With the previous false booms, we did experience some economic benefit. The IT infrastructure was created with the tech boom (fiber optic, R&D for tech gadgets, cell phone coverage), and the housing boom brought new building and construction (although that is under utilized now). Both booms brought higher employment and incomes while the boom continued. This "boom" has none of that so far. It is purely speculative with no ancillary benefits. The low interest rates and stock increases have not motivated companies to invest in R&D or capital projects (at least not here in the US, maybe in emerging countries)
This leads me to believe that the ice is much thinner than previous Fed interjections. Maybe this time is different, and money printing and speculation is the cure. I highly doubt it.
even if the ice is thinner you can not fight helicopter ben with a printing press in the short run.

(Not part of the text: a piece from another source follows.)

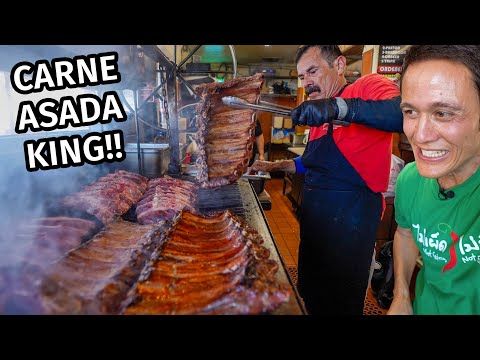 Mexican Street Food - CARNE ASADA KING!! ? Mexican Steak, Ribs, and Quesadillas!!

I still think now is the time to get in (assuming you have not been in) before the fed forces things higher and you get scarred of being left behind. When everyone feels forced to give up their bonds we will be at a top. I have no clue when that will be but it is not today.
SEG
WH: The S&P 500 P/E is over 22. It is not 14. http://www.multpl.com/
Ca,
Thanks for your input. Please note the footnote attached to the P/E figure you supplied:
"P/Es are based on average inflation-adjusted earnings from the previous 10 years (P/E10)." There is considerable controversy in using Shiller's P/E10 figure.
My source is page C4 of today's WSJ.
I'll be the first to admit that "earnings" that go into P/Es have changed somewhat since Graham's day.
Seems clear the Fed wants folks to feel richer but that's about all they're going to get if they get even that.
I'm seeing a lot of wacky reporting and analysis on QE that makes sound like the biggest, baddest yet but that's not what I'm seeing.
The actual purchase planned by the NY Fed is $850 billion to $900 billion in Treasury notes over the next five months, including $600 billion in new purchases and about $250 billion to $300 billion from the proceeds of maturing mortgage-backed securities.
Sounds big but it's significantly less than previous QE and none of it is hitting the long end: The average duration of treasurys purchased by the Fed is planned to be in the neighborhood of five to six years. That's not going to deliver much juice.
Using the 5-year note as a proxy (duration is not the same as maturity but in this case it's close enough) with an interest rate of 1.17% per year the Fed is only taking on to its own balance sheet a duration risk that the market pays about $7 billion a year to avoid. (ht Brad DeLong)
$7 billion a year of duration risk off the private sector's books in a global economy that has more than $60 trillion of financial assets? That might reduce short-term global interest rates 1 or 2 basis points at most. Pretty d*mned weak tea ...or would that be kool aid.
Wouldn't have to put up with this kind of stuff if any political will (or cooperation) existed for crafting and passing a respectable jobs bill.
But speaking of risk assets: Set a 10-bagger target for F and it passed it today so I sold another big block; it might ride higher from here but discipline is discipline.